All audio CD’s use Cross Interleaved Read-Solomon code (CIRC). It’s the fundamental encoding and error correction scheme used on CD. It consist of three levels, considered good enough for audio data but not good enough for computer data. Audio data that cannot be corrected via C2 correction can be interpolated or guessed. You can’t guess with computer data!
The three error correction levels are C1, C2 and interleaving of the data on the audio CD. IE: the CD is formatted in such away blocks of data are mixed up in a predefined manner to allow for reading of the disk if scratches / imperfections are present. Interleaving cannot correct for errors by itself it only allows you to recover sufficient data blocks for C1 and C2 to work.
C1 and C2 Error Correction Codes (ECC) are applied to the audio data during the mastering process of the CD IE: when interleaving the Audio Data prior to it being placed on the CD. They are used at different points of the de-interleaving process or playback of the Audio data, C1 first then C2.
Now our Audio CD mechanism manufacture may only wish to implement the basic C1 (he has to implement CIRC otherwise he couldn’t read the disk!) and ignore C2 or he can spend a little more money and implement it fully.
However, there is also the physical quality of the mech. to consider.

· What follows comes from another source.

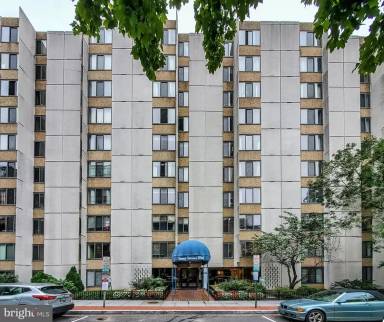 Main picture of Towne Terrace West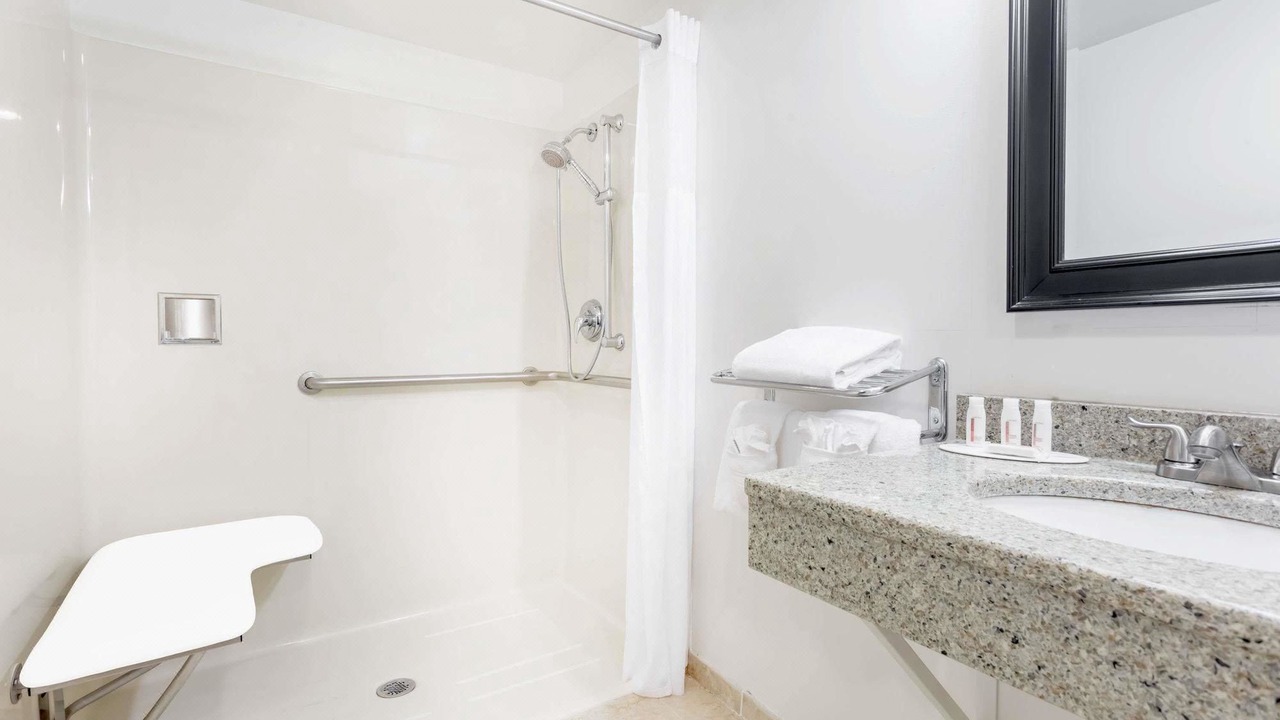 Photo of Bathroom in Cedar Falls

A cheap mech. with poor servos and supply regulation will produce an ‘eye pattern’ of the disk that is not clean (the optics need to track the CD as accurately as possible), this means any error correction scheme has to work harder to correct errors and as the resulting digital stream has to be created from a sinusoidal output from the laser jitter becomes a potential issue. Maybe it’s why you can notice differences in transports…
With a PC based mech. when we perform DAE we are reading the data from the CD in the same way as when we play it except the data this time is directed over whatever computer interface the mech. has (IDE, SCSI etc) and not directed to a DAC. The de-interleaving and error correction schemes are still applicable.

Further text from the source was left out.